These men had no idea that the Corinthian church was using them as unwitting leaders of these various factions, and as excuses for their sin. “Paul said that we didn’t need to follow the Law of Moses, so that means that I can do whatever we want!” “Well, Peter still lives in Jerusalem and follows the whole Law, and he’s the leader of the Apostles, so obviously he’s right!” “Well, if Apollos were here, I know that he would be on my side!”

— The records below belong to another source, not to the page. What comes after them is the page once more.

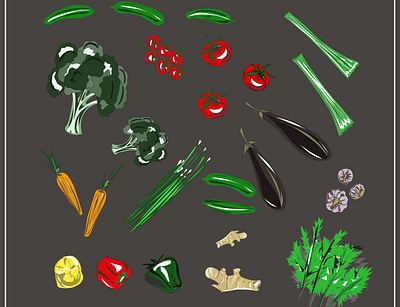 Set of fruits and vegetables. Vegan. Vector. apples bananas broccoli carrots celery collection concept design grapes greens kiwi lemons onions oranges pomegranates vector vector art vegan vegetarianism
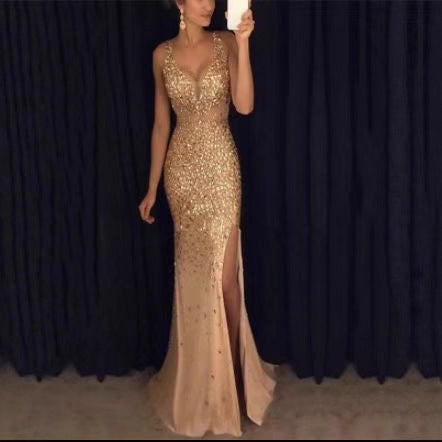 Damen Glamouröses Abendkleid mit glitzernden Pailletten und tiefem Schlitz Drune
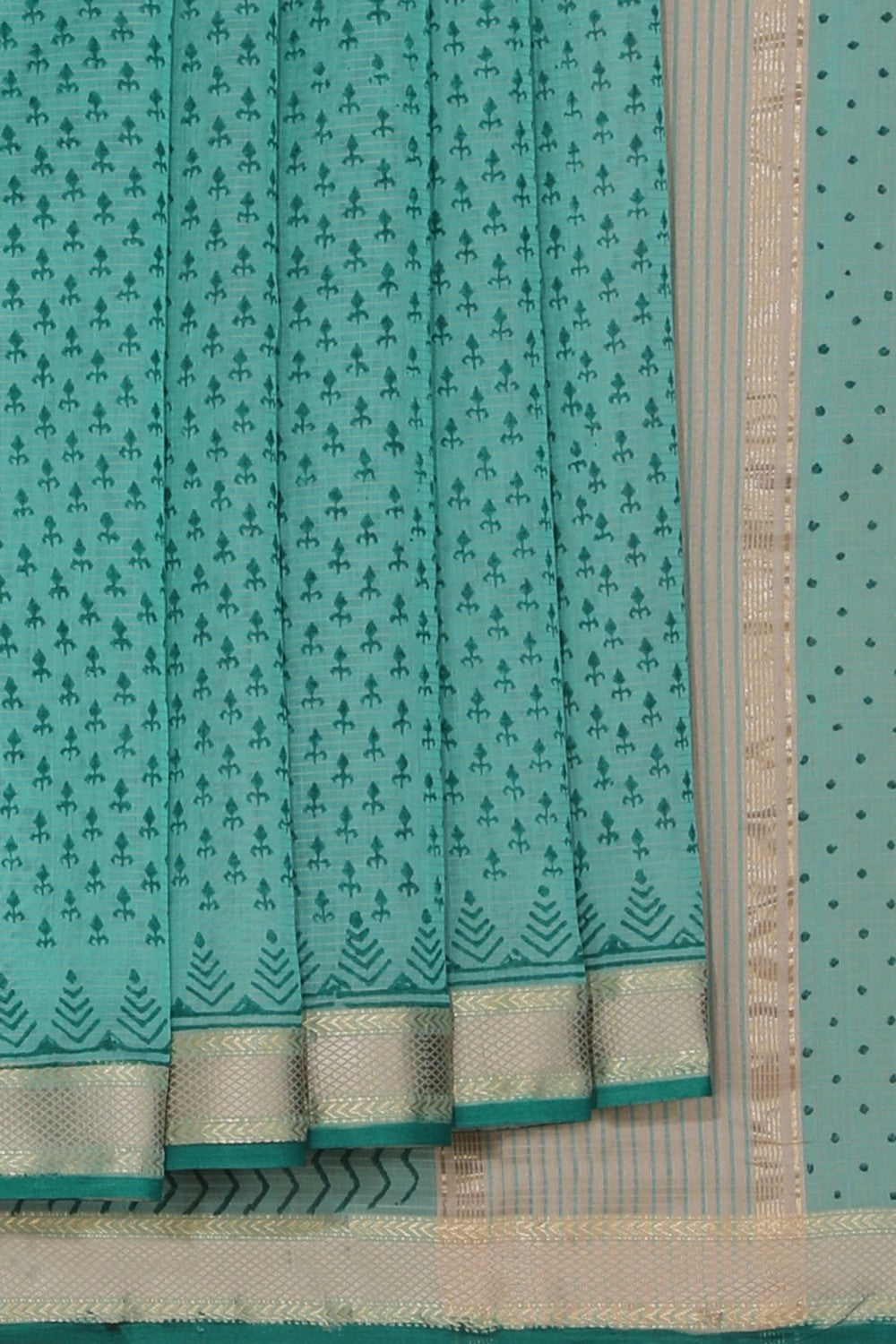 Flower Printed Teal Green Saree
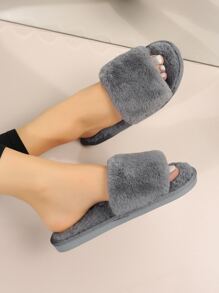 Minimalist Fuzzy Bedroom Slippers - Grey - View 2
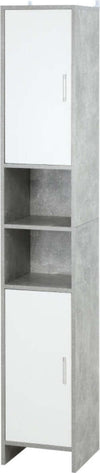 Colonna-Bagno-con-2-Armadietti-e-2-Vani-Aperti-in-Legno-Effetto-Cemento,-30x30x180cm-TY7834-379TY7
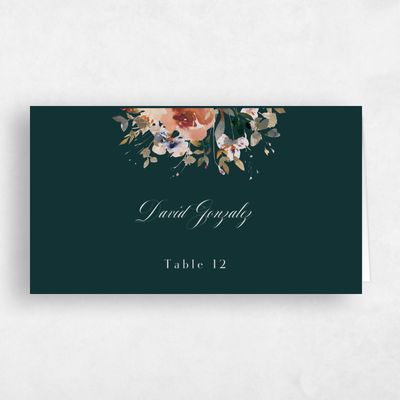 Dark Emerald, Green Wedding Place Card - Fenella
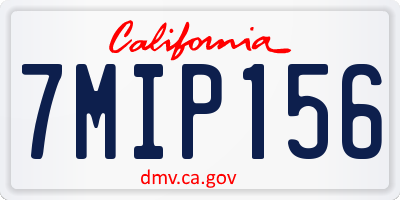 CA license plate 7MIP156
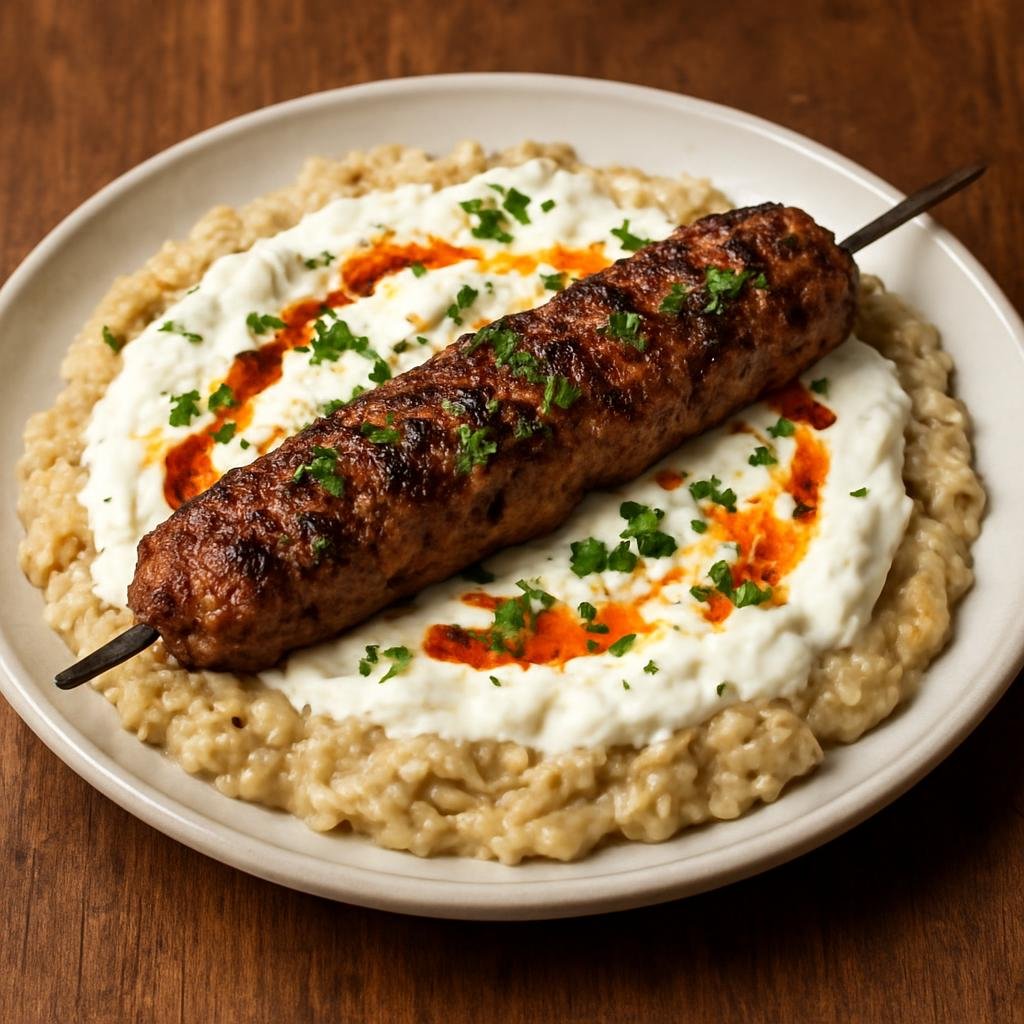 Entree: Turkey – Southeastern Anatolia – Alinazik Kebabı (Charred eggplant and garlicky yogurt purée topped with seasoned grilled lamb kebab) recipe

The church is just as divided today as it was then. It’s really not any better. I’m not just talking about denominations – which get kind of a bad rap, actually – but true divisions based on race, culture, worship style, theological arguments, and more. There are black churches that won’t accept white people, white churches that won’t accept black. There are suburban churches that won’t help the poor and inner city churches that hate rich people. There are churches dominated by well educated professionals and those by working class folk. There are churches for the young, for the old, and for those in between. There are religious churches that have hundreds of rules and disciplines, and others dedicated to freedom and exploration. And even within the ones that look mixed, there are cliques and factions and groups.
And yes, there are divisions here. There are people sitting in this church today who refuse to have other people from their church in their own home, and still hold bitter resentment against them. There are people sitting here today who literally hate others in this church. There are some who tiptoe around others for fear of setting them off, and others who gossip about and mock their brothers or sisters in Christ behind their back. There are some who use the feeblest excuses to avoid being with others in the church, who would choose a dozen other things to do rather than pray with, study with, play with, eat with, or help people in their church.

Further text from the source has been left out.